The Groupon phenomenon has grown like wildfire. If implemented correctly, a Groupon campaign or a living social campaign can significantly transform your business and increase your bottom line. Let’s be honest, a successful Groupon campaign is not cheap. Groupon wants you to give at least 50% off to its members. Then Groupon splits the upfront money. So you are giving away 75% of your product and service. If you have a 50% margin, then the campaign will cost you 25% of the wholesale price minus the percentage of no shows which is usually around 10%.
For a Groupon campaign to work, you need to run the numbers and see it makes sense. Let’s say you have a restaurant and you offer a $10 Groupon for $20 worth of food. The campaign manages to sell 1000 Groupons. This means you are required to provide $20,000 worth of food if 100% of the groupons are redeemed with the six month period. Groupon received a total of $10,000 from it members. (1000 members x $10.00). Groupon sends your portion in 3 installments during the term of the deal which may be up to a year. Also Groupon takes out all credit card processing fees. You can figure 3% for that. You should receive at the end of your sixth months campaign $5,000 – ($5000 x 3% = )150 = $4850. 10% of the Groupons were never redeemed or $1000 dollars. That means you save $2,000 in food costs. You have a margin of 50%. If you take your $20,000 obligation subtract out the $2000 for no shows, that gives you $18,000, which you divide by 2. Your real costs are $9,000. Groupon will pay you the $4850. $9000 – $4,850 = $4150. You brought in 900 new customers. It cost you $4.61 to bring a new customer through the door. You must decide it the cost is really worth it. But if half the Groupon customers comeback a few times, then you stand to make your money back and more.

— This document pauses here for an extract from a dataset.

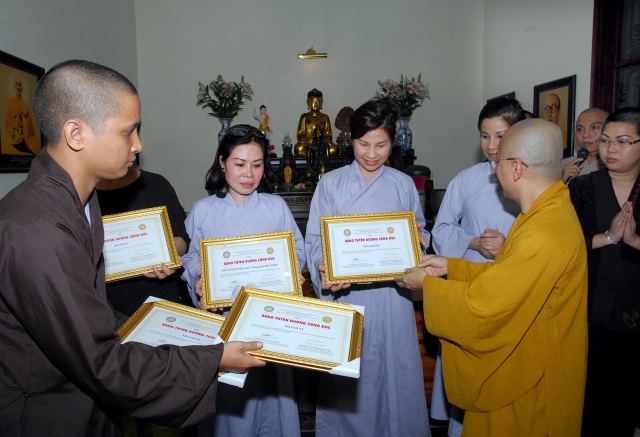 TP.HCM: Trao tặng bằng khen cho các Phật tử đóng góp cho Đại lễ Vesak LHQ 2014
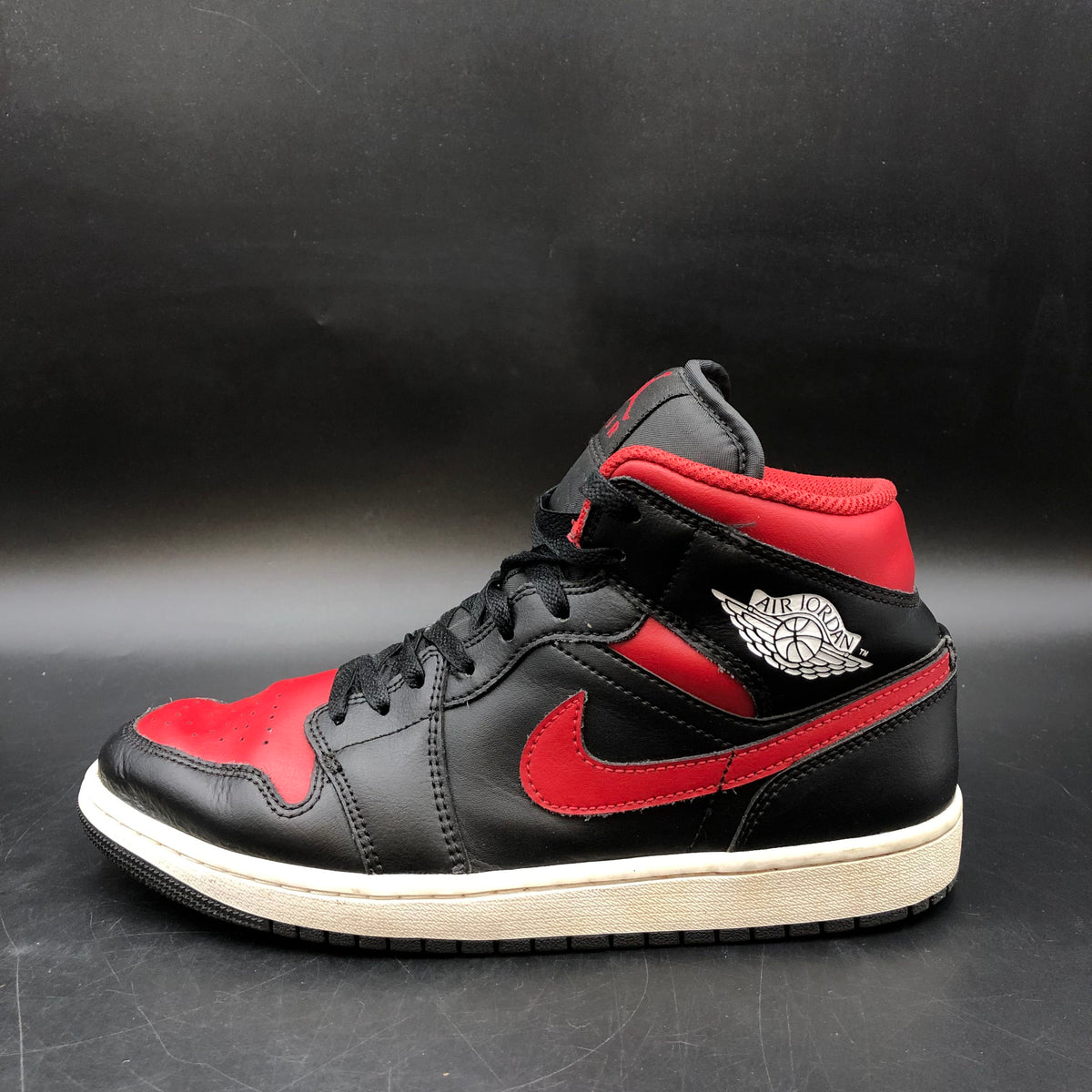 Nike Air Jordan 1 Mid Reverse Bred Black Red Sneakers Size 9 COA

There are several different Groupon strategies. The worse one is where you are hoping a certain percentage doesn’t show up and so you get to keep their Groupon cash. Look, if you are proud of your business, you want the foot traffic, even if you are losing money in the short term.
You need to think strategically. What do I need a Groupon campaign for? The obvious answer is to bring in more customers. That’s fine, but they come and then what? You’ve got to turn these Groupon customers into repeat customers. That’s where you will make your money, right? You need to make sure that if you sell 1,000 Groupons, that you can actually offer excellent service to all 1,000. Anything less is counterproductive.
Groupons are a great way to change the demographics of your client base. Groupon will bring in a certain demographic, 18-45 year olds. I knew of one restaurant that had become the senior citizens’ club each evening. They were desperate to change their clientele base. They used Groupon offers to bring in a new demographic.
Also see if you can limit your offer to a certain number of Groupons. A successful campaign might include thousands of your Groupons being purchased. Can you handle thousands of new customers for free? You might. You might also be overwhelmed. You’ll need to negotiate with the Groupon representative. If they don’t budge, then tell them you’ll run two campaigns, one now and one in six months.
Groupons are a great way to market your business. These marketing companies have a huge client base in your cities and their emails are read on a daily basis. Try that with any other email campaign. You need to think strategically. How can a Groupon campaign help my business? Do I need to attract this demographic? How many Groupons can I actually handle? What do I do next to make that Groupon customer a repeat customer?